Screwed: The Truth About Life as a Prison Officer
- First edition
- Author: Ronnie Thompson
- Language: English
- Genre: Non-fiction, Autobiography
- Publisher: Headline Publishing Group
- Publication date: 24 January 2008
- Publication place: United Kingdom
- Media type: Hardcover
- Pages: 352
- ISBN: 978-0-7553-1666-3

= Screwed: The Truth About Life as a Prison Officer =

2008 book by Ronnie Thompson

Screwed: The Truth About Life as a Prison Officer is a non-fiction book written by former prison officer Ronnie Thompson (a pseudonym).
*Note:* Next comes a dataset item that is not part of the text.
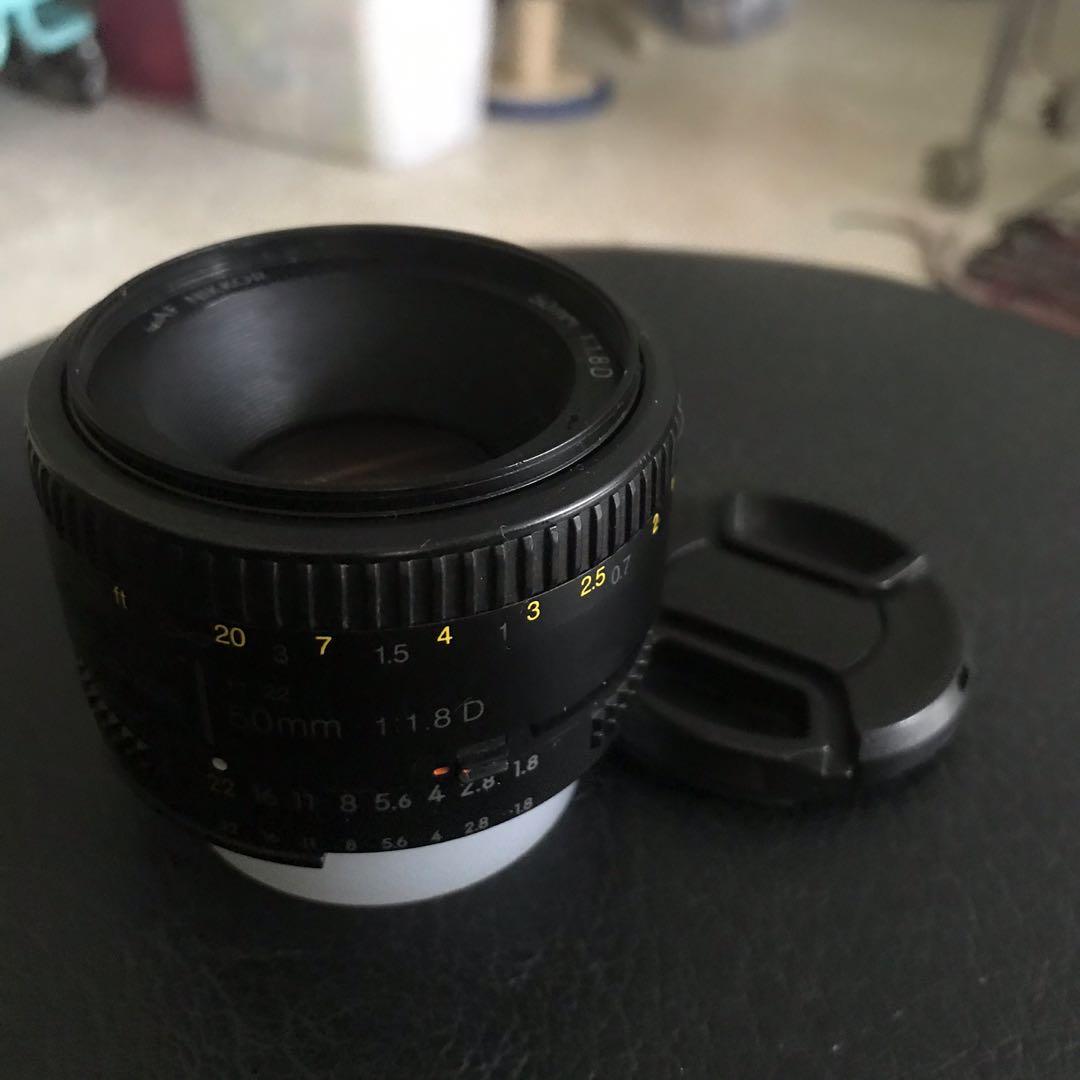 Nikon DSLR mirrorless Prime len 50mm f1.8D Photography Lens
The book was first published by Headline Review on 24 January 2008 in hardback.

==Contents==
Screwed is Thompson's account of his time serving seven years in some of the UK's toughest jails. The action is set around "HMP Romwell", a fictional prison. Thompson created HMP Romwell to protect the identities of the establishments he worked in and the colleagues he worked with. Throughout the book, the author describes his day-to-day duties. It is a "warts and all" memoir; Thompson does not hold back his views about being a prison officer in the 21st century. He describes how his career comes to a halt when an inmate accuses him of using excessive force.

==Reception==
The book led to acclaim and controversy. The book was praised by serving officers, serving prisoners, and magistrates. Debate resulted from the commonly avoided social issues Thompson deals with. Furthermore, the book's brutality and obscene vocabulary led to criticism, but Thompson insists that this is a reflection of how prison life is and how he lived. The novel also deals with themes such as the abuse of inmates by other inmates and also by prison officers. It also highlights the ways in which Thompson copes with interacting with inmates who have committed crimes involving children. He describes how he strives to endure life as a prison officer by maintaining a tough exterior, bending the occasional rule and also by being approachable. His life as a prison officer ultimately leads to strains in his marriage and has a profound effect upon his relationship with his son.

==Film adaptation==

The book was adapted into a 2011 film of the same name.